Anyone but the majors

(Warning: Contains political content about the upcoming Australian federal election - although not the type you might expect...)

Annabel Crabb hit a nerve with this article opening recently:

You're one week into a federal election campaign that is going to sprawl malevolently over one sixth of this calendar year. So I imagine you may be reading this in the comfort of your own home panic room. Or maybe you're living under the surface of a local billabong, respiring shallowly through a straw and emerging only under cover of darkness to scavenge for picnic scraps. All perfectly understandable.

So for a cheery break, I want to talk about endangered animals.

It appears I'm not the only one who is highly frustrated by the current political climate. The double disillusion meme about Shorten vs. Turnbull only scratches the surface of the problem: we have an excess of self-serving, short-sighted narcissists vying for our votes, and a distinct lack of real leadership.1

So I'd like to take this opportunity to remind Australian voters that preferential voting is a key weapon in our arsenal to bring some humility to our so-called representatives.

All you have to do is this: put everyone but the majors before the majors on both the Senate and the House of Representatives ballots. It's that simple. Still pick the parties which better match your views, but make sure you leave the ones who actually have a chance of getting elected to the end. The new above-the-line preferential voting in the Senate makes this nice and easy.

In the Senate, this has a great chance of actually electing minor party members, as happened during the last federal elections.
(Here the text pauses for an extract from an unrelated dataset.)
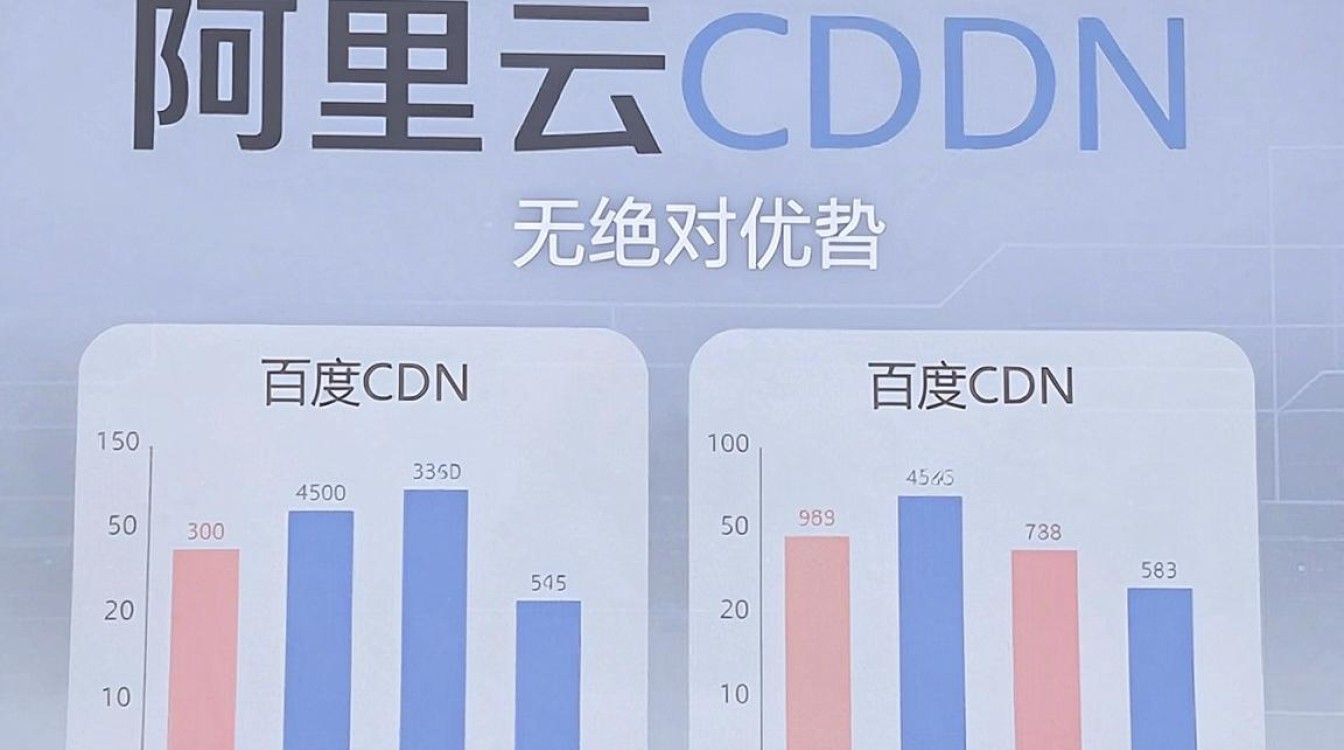 阿里云cdn百度cdn收录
In the House of Reps it's far less likely that the non-majors will be elected, but at least those electorates which have prominent independents might see some change (in the way of a swing away from the majors).

Which government would be better for Australia? A Turnbull-led LNP with complete control over the Senate, or a Turnbull-led LNP with 8 minor party senators, 5 of which have to be won over to get any legislation through? A Shorten-led ALP with a clear majority in the House of Reps, or a Shorten-led ALP who needs to get the Greens on board to change anything significant? I think the latter choice would be far preferable in each case.

  1. In our recent local elections, I got so fed up with this that I instituted a new personal voting methodology: I would vote in order of whose face I had seen least often on advertising signs. In the event of a tie, I would vote based on who had seemingly spent the least on hair, makeup, and wardrobe for their advertising photos. This method was 100% successful in predicting the exact opposite of the vote count in our electorate.